Supported Model Types
Standalone nn.Module
model = MyModel()
wrapper = ModelWrapper.from_model(model)
Pipeline with Multiple Models
class Pipeline:
def __init__(self):
self.encoder = EncoderModel()
self.decoder = DecoderModel()
def __call__(self, x):
return self.decoder(self.encoder(x))
pipeline = Pipeline()
wrapper = ModelWrapper.from_model(pipeline)
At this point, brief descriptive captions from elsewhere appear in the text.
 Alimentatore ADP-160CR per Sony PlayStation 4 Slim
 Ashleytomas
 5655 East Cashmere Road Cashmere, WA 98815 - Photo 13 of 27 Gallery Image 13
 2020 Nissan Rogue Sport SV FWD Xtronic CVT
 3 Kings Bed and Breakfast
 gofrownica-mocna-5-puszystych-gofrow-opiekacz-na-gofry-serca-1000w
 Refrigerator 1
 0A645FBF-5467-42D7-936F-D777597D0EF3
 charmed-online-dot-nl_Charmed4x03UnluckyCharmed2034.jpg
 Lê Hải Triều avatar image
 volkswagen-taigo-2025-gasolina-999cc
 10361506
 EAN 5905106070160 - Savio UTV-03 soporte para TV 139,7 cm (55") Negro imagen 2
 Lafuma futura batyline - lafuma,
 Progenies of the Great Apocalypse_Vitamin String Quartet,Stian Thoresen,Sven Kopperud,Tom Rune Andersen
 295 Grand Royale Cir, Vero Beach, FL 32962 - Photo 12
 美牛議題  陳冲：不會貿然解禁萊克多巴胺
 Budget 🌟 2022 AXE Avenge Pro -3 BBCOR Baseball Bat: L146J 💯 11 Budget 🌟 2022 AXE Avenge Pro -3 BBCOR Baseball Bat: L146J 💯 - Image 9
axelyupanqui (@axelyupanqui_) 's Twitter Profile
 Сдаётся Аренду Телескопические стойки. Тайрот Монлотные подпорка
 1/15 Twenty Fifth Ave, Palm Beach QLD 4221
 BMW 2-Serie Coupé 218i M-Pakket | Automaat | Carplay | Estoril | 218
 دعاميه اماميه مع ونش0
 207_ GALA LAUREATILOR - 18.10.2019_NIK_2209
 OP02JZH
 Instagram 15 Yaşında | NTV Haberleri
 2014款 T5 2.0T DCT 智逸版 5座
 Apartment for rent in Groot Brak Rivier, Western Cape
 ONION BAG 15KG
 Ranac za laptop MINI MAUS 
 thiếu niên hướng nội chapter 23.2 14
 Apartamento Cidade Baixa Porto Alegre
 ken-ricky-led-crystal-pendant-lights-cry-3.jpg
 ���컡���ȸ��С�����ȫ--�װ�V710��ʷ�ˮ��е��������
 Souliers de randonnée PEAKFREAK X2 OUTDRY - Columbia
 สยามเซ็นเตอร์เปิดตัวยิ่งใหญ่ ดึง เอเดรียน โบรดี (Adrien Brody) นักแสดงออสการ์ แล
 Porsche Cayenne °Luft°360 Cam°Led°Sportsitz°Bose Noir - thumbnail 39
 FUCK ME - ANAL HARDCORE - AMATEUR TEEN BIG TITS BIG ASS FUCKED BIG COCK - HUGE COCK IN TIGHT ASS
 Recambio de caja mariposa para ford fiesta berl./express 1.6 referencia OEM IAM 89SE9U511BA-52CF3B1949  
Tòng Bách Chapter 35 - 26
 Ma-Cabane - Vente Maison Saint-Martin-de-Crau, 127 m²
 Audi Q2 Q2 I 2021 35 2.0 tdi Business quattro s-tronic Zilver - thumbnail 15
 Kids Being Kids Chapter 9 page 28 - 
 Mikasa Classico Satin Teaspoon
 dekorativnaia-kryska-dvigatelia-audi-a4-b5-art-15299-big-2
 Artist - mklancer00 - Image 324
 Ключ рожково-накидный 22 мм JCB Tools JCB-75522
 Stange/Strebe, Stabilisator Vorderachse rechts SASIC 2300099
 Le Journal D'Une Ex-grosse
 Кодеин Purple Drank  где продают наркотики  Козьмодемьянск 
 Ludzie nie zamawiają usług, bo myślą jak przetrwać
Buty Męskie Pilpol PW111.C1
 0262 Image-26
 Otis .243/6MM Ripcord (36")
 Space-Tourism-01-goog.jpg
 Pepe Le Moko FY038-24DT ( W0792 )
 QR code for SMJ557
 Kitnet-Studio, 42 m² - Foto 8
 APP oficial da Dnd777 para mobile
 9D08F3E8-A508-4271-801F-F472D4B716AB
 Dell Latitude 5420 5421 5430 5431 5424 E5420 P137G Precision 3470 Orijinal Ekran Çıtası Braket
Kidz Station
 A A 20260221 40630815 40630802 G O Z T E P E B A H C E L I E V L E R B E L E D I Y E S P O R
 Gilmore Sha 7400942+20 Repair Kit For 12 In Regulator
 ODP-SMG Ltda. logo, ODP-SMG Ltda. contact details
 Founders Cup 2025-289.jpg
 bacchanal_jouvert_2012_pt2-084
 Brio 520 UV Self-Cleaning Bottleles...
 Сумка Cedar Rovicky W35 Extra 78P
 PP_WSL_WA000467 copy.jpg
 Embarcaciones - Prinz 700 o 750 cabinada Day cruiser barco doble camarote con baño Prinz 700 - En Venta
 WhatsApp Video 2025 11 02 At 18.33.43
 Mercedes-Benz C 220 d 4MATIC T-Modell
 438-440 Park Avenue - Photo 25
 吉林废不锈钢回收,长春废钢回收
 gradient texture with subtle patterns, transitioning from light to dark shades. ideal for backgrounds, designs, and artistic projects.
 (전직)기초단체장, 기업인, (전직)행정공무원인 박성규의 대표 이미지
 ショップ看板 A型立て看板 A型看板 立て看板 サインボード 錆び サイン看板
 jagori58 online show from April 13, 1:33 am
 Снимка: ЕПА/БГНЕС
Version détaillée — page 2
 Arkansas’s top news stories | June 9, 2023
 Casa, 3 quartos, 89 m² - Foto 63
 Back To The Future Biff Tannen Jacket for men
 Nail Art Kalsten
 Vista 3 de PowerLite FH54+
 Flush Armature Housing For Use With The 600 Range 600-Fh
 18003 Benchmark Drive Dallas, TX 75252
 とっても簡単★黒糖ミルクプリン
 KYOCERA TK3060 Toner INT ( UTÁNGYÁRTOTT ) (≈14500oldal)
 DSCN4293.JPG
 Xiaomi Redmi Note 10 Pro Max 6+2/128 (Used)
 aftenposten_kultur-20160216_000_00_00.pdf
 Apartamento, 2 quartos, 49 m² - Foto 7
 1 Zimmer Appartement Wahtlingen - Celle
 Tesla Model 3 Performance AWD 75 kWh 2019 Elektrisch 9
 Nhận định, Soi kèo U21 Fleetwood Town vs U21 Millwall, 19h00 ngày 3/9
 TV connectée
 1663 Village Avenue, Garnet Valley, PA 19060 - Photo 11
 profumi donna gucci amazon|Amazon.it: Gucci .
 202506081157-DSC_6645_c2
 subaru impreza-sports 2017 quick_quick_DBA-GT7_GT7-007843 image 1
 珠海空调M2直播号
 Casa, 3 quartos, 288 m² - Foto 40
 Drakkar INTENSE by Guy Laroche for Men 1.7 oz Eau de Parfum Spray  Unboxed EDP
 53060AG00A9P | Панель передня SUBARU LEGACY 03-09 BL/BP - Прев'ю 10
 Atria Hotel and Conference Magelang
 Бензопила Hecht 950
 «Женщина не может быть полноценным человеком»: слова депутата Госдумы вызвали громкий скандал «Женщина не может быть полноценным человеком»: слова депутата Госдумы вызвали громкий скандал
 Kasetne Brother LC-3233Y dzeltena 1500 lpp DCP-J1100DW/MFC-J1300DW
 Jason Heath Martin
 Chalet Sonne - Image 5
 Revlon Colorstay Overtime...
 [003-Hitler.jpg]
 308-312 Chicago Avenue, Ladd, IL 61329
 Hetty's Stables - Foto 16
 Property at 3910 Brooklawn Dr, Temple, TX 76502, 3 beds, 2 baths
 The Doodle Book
The wrapper automatically detects all nn.Module attributes.
Execution Modes
Actor Mode
For Ray Data and long-running actors:
# Create wrapper in actor mode
wrapper = ModelWrapper.from_model(pipeline, mode="actor")
# Use in actor
class Actor:
def __init__(self, wrapper):
self.model = wrapper.load()
Task Mode
For ad-hoc inference with Ray tasks:
# Create wrapper in task mode
wrapped = ModelWrapper.for_tasks(pipeline)
# Use immediately
result = wrapped(data) # Each call spawns a Ray task
Advanced Usage
Conditional Fast Loading
class Actor:
def __init__(self, wrapper, use_fast):
self.model = wrapper.load(_use_fast_load=use_fast)
Inspecting Wrapper State
wrapper = ModelWrapper.from_model(pipeline)
# Check if it's a standalone module
print(wrapper._is_standalone_module)
# See detected models
print(wrapper._model_info.keys())